The evening wore on, and eventually 1976 arrived. There was a brief burst of energy at midnight when people driving by honked their horns and everyone shouted “Happy New Year!” back and forth to each other. Things calmed down before too long, and we eventually decided it was time to get some sleep. I got into the sleeping bag that had been provided for me, and found myself wedged in between two members of the Claremont lesbian community.
I quote from an essay I wrote in the summer of 1976, something I aspired to get published, but which in fact never made it out of draft form.
I slept about as well as one might expect when lying on a street with a jacket for a pillow, but it was better than no sleep.

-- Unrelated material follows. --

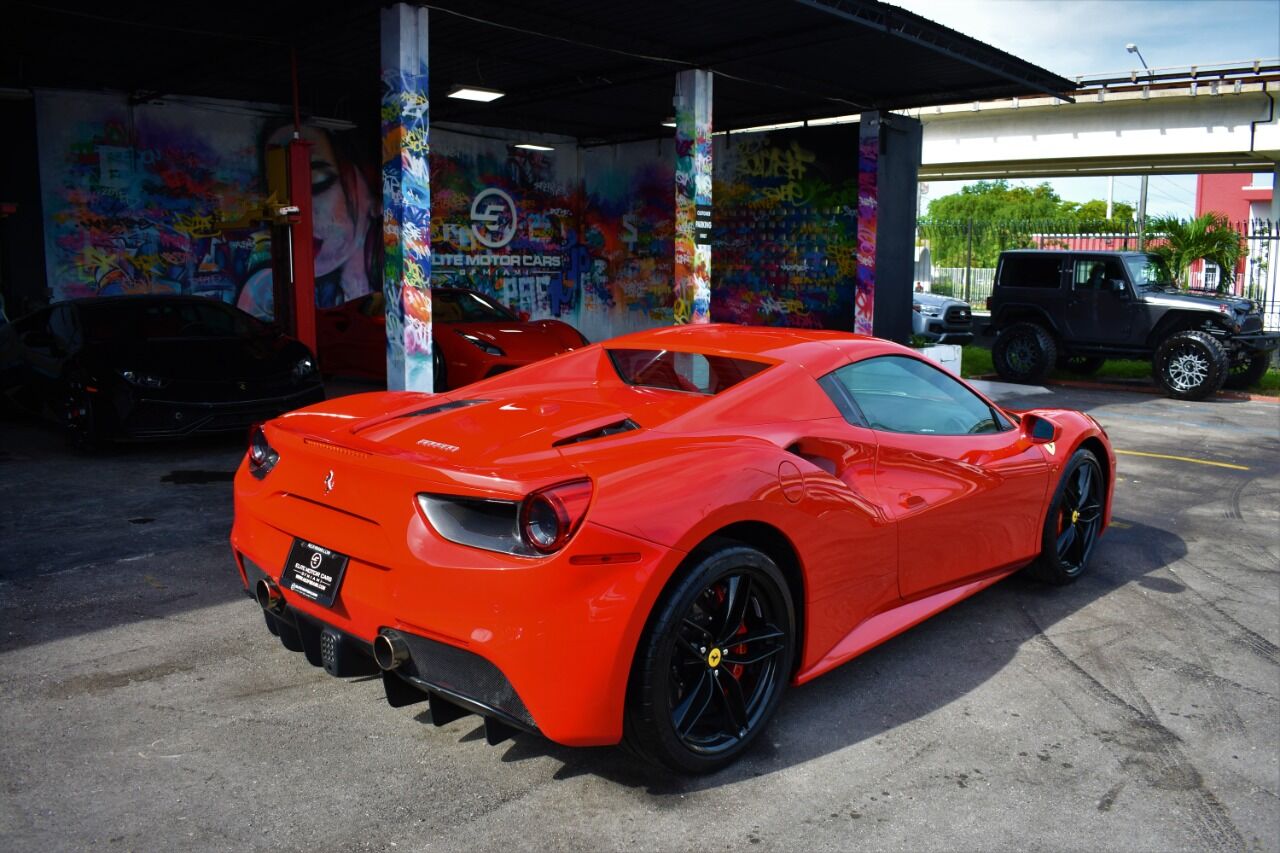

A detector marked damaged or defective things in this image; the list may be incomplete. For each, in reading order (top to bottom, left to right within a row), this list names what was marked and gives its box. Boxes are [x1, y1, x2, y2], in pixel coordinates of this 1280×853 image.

cracked concrete floor [0, 381, 1274, 845]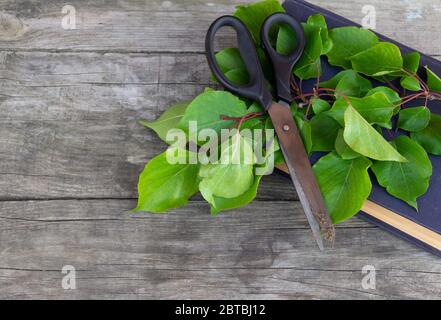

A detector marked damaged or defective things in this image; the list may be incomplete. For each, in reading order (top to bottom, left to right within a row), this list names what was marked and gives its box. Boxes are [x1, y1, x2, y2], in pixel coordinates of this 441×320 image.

rusty scissor blade [268, 101, 334, 249]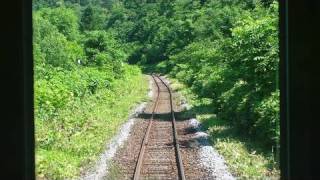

About five a.m. I was awakened by the sound of a car idling nearby and the voices of four or five men and women. Apparently the people next to us, a group of three couples, had decided that they had no intention of sleeping on the pavement, and so set up six chairs and took turns guarding their claim. I was hearing the final changing of the guard. After a lot of details being worked out in voices a good deal louder than I would have liked, the car drove off and a new couple took command of the post. It was at about this time that my bladder had begun hinting to me that I wanted to do something other than merely sleep, while the new woman next door found it necessary to do a commentary on what she saw about her.
“Look at those people in their sleeping bags,” I heard her say, “They’re so cute!” Perhaps to someone who had just gotten out of a warm bed my companions and I looked cute.
I, of course, felt anything but cute. I was sore, sleep-deprived, and wanted nothing more than a shower and a shave. I extricated myself from my spot on the street and made my way to the nearest set of portable toilets. When I returned the spot I had occupied had of course been filled in, so there was nothing for me to do except sit and take in the sights and sounds.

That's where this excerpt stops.